_Information provided_
-*-*-

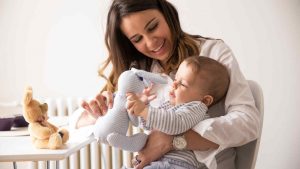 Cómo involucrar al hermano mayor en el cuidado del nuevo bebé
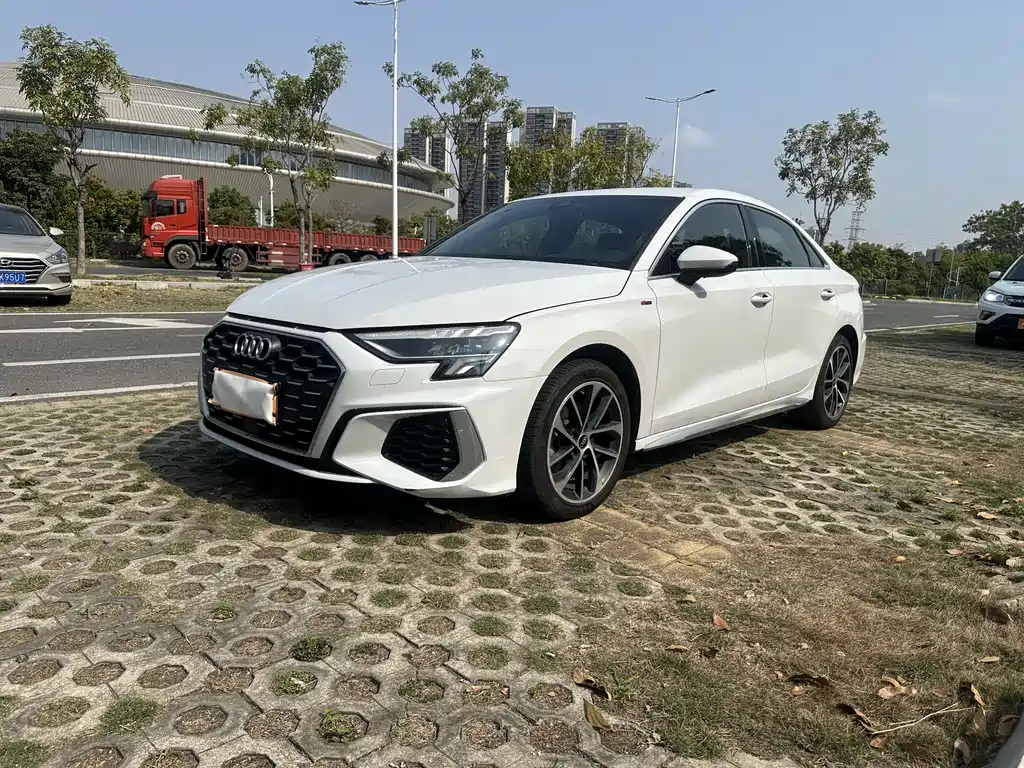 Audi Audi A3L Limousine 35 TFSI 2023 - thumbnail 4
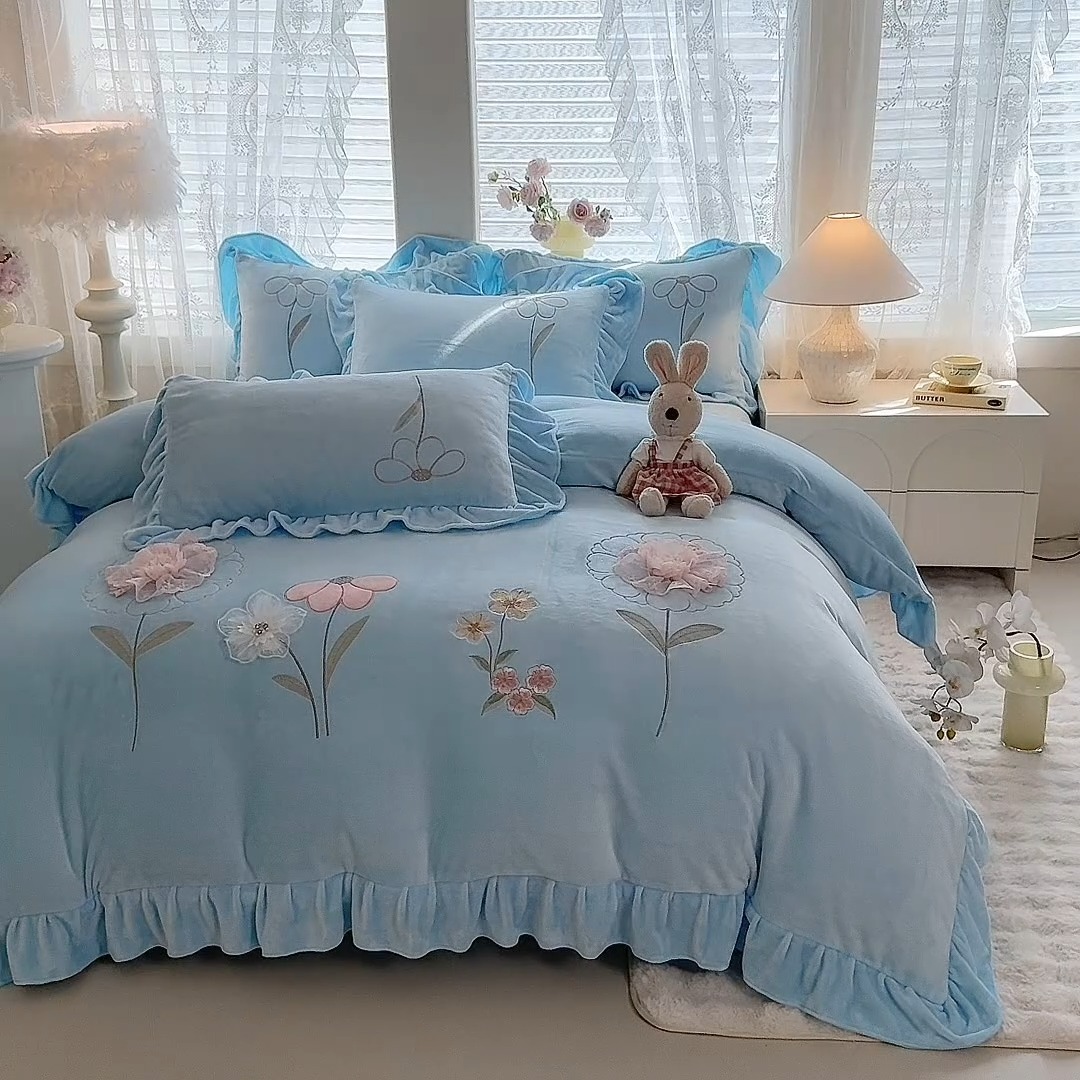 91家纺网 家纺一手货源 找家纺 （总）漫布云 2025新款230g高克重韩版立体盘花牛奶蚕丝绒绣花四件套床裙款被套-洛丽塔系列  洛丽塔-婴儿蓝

-*-*-

_Task description_
All of the material above is to be copied exactly, with no pictures.

_Output_
 Cómo involucrar al hermano mayor en el cuidado del nuevo bebé
 Audi Audi A3L Limousine 35 TFSI 2023 - thumbnail 4
 91家纺网 家纺一手货源 找家纺 （总）漫布云 2025新款230g高克重韩版立体盘花牛奶蚕丝绒绣花四件套床裙款被套-洛丽塔系列  洛丽塔-婴儿蓝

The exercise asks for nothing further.